Obsession, crime, and jealousy will all be part of the Center for Theatre Art’s latest production, A View From the Bridge. The play tells the tale of Arthur Miller’s modern tragedy, featuring a talented cast of both professional actors and Cornell students. The show depicts a dramatic tale of obsession in an imaginary world of a family of working class, Italian immigrants. This world is severely disrupted when two illegal immigrants enter their lives.
Eddie Carbone, the patriarch of this Brooklyn, Italian household, is played by actor, Tim True, a graduate of the Alabama Shakespeare Festival who, after several years of performing in New York. True feels fortunate not to be, “shackled with poor writing.” He said that “when you’re working with great writing, it guides you.”
Eddie’s story is one of constant turmoil, set into motion by Rodolpho and Alfieri’s brief stay in their home. Played respectively by Michael Seth Benn and Brian Russell, Rodolpho and Alfieri not only interrupt Eddie’s life, but that of Eddie’s beloved niece Catherine. Catherine, played by Melissa Mortazavi, is a sincere character whose forced, progression from a naive child to a woman is a large part of the continuous drama within the play. She has found it an amazing experience to be working with the rest of the cast and has particularly enjoyed working with Director, Bob Hall. “He gave us a lot of space to find our own way with the character, while giving us just enough guidance.” The positive energy amongst characters have made the cast and crew’s experience extraordinary, taking the show to many different levels of modern theatre.
According to Director Bob Hall, what also makes this production unique is the simple, straight flow between scenes. “There are not a lot of scene changes,” he said. “Imagination fills in the walls. It flows like a juggling match.”
Besides years of freelance directing and a genuine love for all aspects of the theatre, Hall brings to the show a clean slate with a new vision. Having never seen a production of the tragedy, he has let no pre-conceived notions stand in his way.
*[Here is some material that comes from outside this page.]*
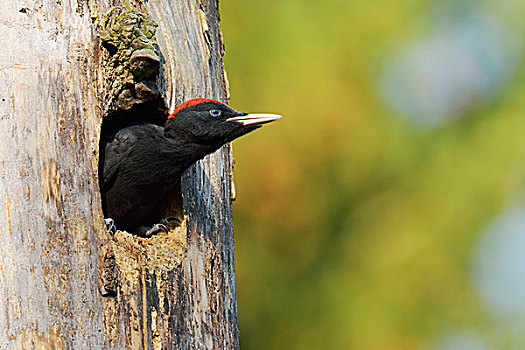 黑啄木鸟,雏鸟,向外看,巢穴,国家公园,波兰,欧洲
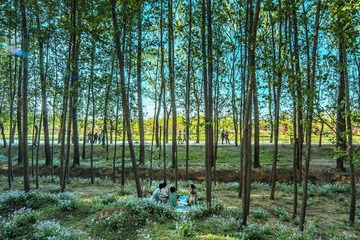 t_Y5C0448aa.jpg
He said that every moment in Miller’s writing has spoken to him, and Hall trusts his own instincts in creating the theatre for it. With such familiar and believable characters, A View From the Bridge is what Hall calls, “Raw, emotional, straightforward theatre.” The emotion and the intensity for the characters are what will keep the audience entertained.
A View From the Bridge will be performed at the Proscenium theatre of the CTA on Sept. 14-16 and 21-23 at 8pm, and Sept. 23 at 2 pm.